Video and image analysis using deep learning has become ubiquitous across many different applications. However, traditional architectures are optimized for accuracy regardless of their inference time. This characteristic can potentially impair real world applications that have either computational resources limitations or time sensitivity. We propose a data flow system composed of different operators that allows for the inference time to be automatically adjusted according to the data being analyzed. It gracefully adjusts its accuracy (images) and frame sampling rate (video) in order to maintain a smooth output flow.
- Python 3.6
- PyTorch 1.1 and Torchvision
- gdown.pl
We used the model described in the paper Band-limited Training and Inference for Convolutional Neural Networks to automatically adjust the compression rate for a faster inference time, while gracefully degrading the accuracy for image classification. Please, follow the instructions on their repository replacing their main.py
file for the inference.py
file found in the classification folder of this repository.
Checkpoints for four different models can be downloaded running the download_checkpoints.sh
bash script in the classification folder. The checkpoint files should be placed in the same folder as the inference.py
file.
We used the model proposed in the paper Yolov3: An Incremental Improvement for object detection, which is among the state of the art architectures for this purpose. Our code is based on Erik Lindernoren's implementation. Run the download_weights.sh
bash script in the detection/config folder to download the Yolo weights file used in the model.

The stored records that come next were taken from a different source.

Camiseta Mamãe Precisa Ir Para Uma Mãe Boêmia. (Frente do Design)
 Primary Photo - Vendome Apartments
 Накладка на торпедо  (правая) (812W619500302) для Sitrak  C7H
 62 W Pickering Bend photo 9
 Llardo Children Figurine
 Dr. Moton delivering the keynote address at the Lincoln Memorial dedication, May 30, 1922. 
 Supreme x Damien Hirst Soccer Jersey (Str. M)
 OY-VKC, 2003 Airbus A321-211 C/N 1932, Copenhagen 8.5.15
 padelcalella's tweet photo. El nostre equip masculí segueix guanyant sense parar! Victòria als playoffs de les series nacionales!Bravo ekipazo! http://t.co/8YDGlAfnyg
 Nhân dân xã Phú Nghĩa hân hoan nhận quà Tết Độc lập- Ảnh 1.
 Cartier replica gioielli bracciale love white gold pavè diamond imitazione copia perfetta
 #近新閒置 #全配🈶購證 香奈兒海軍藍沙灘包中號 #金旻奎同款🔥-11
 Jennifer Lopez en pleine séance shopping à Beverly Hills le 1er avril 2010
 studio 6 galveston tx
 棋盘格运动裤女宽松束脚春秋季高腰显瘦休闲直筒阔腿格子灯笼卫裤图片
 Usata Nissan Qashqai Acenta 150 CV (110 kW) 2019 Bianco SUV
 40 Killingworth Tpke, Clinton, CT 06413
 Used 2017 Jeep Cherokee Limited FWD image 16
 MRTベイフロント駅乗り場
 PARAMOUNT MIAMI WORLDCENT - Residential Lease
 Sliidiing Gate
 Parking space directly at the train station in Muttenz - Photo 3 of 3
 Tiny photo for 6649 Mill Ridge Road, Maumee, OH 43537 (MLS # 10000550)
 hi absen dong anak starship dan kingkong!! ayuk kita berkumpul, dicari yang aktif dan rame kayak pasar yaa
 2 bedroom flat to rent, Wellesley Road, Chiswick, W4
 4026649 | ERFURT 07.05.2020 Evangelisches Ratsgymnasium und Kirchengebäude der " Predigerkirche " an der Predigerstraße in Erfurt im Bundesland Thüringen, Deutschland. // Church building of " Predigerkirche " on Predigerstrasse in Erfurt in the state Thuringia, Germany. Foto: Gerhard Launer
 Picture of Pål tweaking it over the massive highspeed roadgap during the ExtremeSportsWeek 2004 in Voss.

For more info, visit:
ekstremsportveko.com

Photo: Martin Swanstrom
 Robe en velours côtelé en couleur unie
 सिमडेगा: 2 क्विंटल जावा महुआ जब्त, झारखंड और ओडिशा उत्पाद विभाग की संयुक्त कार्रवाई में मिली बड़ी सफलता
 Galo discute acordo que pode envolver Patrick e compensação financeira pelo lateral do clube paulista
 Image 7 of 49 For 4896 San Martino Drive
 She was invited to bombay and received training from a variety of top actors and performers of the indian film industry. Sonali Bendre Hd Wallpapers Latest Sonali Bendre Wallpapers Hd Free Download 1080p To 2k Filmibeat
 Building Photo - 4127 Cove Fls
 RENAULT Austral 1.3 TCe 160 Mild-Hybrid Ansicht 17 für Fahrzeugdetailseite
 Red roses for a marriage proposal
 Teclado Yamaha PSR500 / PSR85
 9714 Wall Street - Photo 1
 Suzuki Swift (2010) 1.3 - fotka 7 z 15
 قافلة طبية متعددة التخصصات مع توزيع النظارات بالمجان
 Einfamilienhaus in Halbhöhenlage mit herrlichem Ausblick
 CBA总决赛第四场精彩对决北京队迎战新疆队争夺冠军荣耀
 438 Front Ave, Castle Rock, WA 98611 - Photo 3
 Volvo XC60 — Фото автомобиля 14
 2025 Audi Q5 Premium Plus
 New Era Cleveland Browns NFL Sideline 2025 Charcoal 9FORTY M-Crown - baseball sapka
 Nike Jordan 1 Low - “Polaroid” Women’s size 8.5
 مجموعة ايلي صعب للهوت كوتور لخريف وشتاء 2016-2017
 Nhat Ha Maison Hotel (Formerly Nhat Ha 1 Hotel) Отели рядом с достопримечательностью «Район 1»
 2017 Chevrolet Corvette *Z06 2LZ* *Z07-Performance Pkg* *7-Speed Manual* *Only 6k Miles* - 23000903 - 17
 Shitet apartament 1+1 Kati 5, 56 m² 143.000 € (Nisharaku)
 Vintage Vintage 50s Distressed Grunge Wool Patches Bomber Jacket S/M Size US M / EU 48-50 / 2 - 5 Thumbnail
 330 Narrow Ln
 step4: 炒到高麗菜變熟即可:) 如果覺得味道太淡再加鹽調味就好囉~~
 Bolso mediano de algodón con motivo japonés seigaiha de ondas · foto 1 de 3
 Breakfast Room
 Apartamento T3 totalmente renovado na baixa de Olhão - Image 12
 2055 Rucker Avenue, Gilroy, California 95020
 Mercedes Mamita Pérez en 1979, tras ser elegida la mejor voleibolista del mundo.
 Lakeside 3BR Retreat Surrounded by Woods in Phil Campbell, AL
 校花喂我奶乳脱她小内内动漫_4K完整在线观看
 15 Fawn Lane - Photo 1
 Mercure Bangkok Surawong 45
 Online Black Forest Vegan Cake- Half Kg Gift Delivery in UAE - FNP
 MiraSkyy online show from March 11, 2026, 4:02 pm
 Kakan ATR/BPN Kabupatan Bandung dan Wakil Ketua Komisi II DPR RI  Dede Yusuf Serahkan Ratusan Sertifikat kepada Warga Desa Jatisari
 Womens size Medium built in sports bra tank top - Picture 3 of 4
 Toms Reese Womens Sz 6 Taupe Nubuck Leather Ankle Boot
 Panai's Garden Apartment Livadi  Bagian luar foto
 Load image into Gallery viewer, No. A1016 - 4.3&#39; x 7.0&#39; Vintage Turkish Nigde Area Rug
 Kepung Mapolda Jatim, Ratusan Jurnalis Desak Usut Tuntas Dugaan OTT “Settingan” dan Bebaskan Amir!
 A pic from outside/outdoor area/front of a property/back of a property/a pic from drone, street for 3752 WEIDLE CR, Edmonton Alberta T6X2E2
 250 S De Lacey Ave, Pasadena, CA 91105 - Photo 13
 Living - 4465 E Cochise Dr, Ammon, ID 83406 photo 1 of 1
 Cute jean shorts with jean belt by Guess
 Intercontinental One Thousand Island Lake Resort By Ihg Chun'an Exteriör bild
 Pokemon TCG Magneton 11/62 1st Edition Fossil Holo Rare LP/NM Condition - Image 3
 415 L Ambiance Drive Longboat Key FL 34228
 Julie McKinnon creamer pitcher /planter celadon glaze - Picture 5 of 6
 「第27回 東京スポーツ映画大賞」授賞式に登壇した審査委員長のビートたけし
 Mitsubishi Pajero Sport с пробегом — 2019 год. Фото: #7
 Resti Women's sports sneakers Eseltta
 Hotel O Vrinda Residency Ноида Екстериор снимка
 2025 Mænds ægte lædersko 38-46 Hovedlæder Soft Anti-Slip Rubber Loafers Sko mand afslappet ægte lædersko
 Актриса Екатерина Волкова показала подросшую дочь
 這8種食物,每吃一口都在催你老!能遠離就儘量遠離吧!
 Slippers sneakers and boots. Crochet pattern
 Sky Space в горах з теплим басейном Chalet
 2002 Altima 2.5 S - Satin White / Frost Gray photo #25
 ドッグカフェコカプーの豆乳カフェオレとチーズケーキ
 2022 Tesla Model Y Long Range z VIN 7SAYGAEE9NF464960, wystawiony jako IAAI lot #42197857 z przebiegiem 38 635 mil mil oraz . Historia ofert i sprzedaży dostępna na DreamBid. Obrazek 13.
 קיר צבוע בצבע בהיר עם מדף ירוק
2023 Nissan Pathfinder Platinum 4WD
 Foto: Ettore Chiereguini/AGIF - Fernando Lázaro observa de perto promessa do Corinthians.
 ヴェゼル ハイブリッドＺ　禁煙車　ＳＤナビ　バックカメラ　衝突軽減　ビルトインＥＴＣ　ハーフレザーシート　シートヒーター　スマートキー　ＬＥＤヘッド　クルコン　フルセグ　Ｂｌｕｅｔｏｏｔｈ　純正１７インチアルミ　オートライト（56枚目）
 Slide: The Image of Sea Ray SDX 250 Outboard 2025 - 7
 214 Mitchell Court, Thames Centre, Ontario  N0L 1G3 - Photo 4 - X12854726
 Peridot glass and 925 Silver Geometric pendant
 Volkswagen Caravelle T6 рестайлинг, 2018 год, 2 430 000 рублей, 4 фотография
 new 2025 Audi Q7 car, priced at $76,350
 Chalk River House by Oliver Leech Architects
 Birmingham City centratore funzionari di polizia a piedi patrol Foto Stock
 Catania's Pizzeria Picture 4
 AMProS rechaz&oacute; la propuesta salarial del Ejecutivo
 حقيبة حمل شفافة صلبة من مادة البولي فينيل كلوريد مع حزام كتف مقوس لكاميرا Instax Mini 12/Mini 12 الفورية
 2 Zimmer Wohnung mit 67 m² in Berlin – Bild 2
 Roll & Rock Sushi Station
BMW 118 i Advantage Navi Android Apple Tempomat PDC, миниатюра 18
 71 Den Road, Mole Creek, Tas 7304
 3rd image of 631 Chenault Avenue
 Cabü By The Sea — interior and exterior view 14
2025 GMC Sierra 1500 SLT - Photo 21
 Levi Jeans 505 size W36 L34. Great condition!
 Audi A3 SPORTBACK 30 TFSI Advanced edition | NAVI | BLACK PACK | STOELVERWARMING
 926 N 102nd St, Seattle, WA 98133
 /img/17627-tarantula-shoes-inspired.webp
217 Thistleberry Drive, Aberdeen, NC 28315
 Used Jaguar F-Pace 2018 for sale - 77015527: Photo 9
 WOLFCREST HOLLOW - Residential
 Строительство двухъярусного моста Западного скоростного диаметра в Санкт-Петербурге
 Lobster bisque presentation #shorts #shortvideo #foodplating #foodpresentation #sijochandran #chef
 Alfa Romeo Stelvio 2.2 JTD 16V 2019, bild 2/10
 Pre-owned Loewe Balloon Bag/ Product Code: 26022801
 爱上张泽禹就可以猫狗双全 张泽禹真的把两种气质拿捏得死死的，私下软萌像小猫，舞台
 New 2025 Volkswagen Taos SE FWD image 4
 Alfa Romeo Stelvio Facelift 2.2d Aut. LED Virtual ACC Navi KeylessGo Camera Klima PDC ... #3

Sample videos used in the experiments can be downloaded running the download_videos.sh
bash script in the detection folder.
The image classification requires three arguments: the dataset, the checkpoint with the trained model and the display output boolean. The following is an example using one of the checkpoints provided:
inference.py --dataset='cifar10 --resume='cifar_10_resnet.tar' --display_output='False'
The object detection requires three arguments: the input video file path, the output video file path and the output display boolean. The following is an example using one of the videos downloaded in the installation step:
detection.py --input='soccer.ts' --output='output_video/soccer_output.avi' --display_output='False'